14.6.06

"Programas de calle"

Seis estrategias de prevención de SIDA /2

Podemos darle este nombre a algunas de las estrategias expresamente diseñadas para afrontar los problemas de accesibilidad a los programas comunitarios. Pretenden llevar el programa a los individuos que no acuden a los centros de tratamiento, ya sean servicios sociales o de salud. Para conseguir ese objetivo, recurren a personas que tienen alguna característica en común con la población diana, y que hacen de mediadores entre el programa y el grupo de riesgo.

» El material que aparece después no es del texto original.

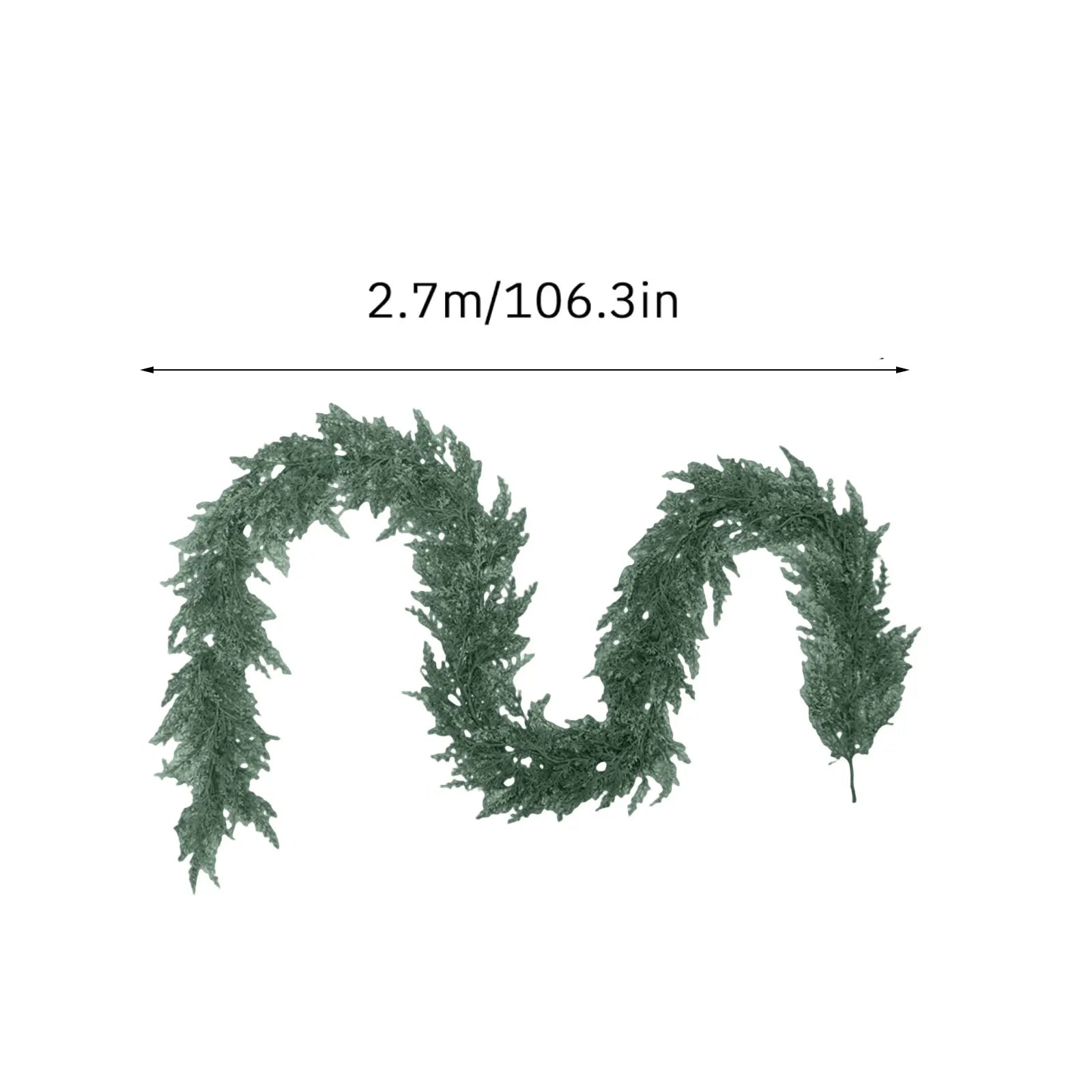 270cm Christmas Norfolk Pine Dense Garland Artificial Greenery Garland For Holiday Mantle Fireplace Table Home Decor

Pongamos por caso que un programa de prevención de SIDA y de enfermedades de transmisión sexual no logra implicar en sus actividades a las prostitutas que trabajan en las calles. Una manera de conseguirlo es contar entre el personal pagado del programa con una ex-prostituta que haga de mediadora. Un rol esencial de dicha intermediaria será, lógicamente, el reclutamiento de usuarias para los servicios existentes. Pero muchas veces también transmiten información, o se encargan de distribuir preservativos (o juegos de limpieza de jeringuillas si además se trata de adictas a la heroína).Como decimos, la aportación del mediador se advierte, sobre todo, en la eficacia con la que se resuelven los problemas de cobertura. Pero también es un canal creíble que introduce información fiable, de manera natural, en las redes del grupo de riesgo. Además, puede ejercer de modelo positivo de comportamiento, y afectar a las normas sociales del colectivo diana.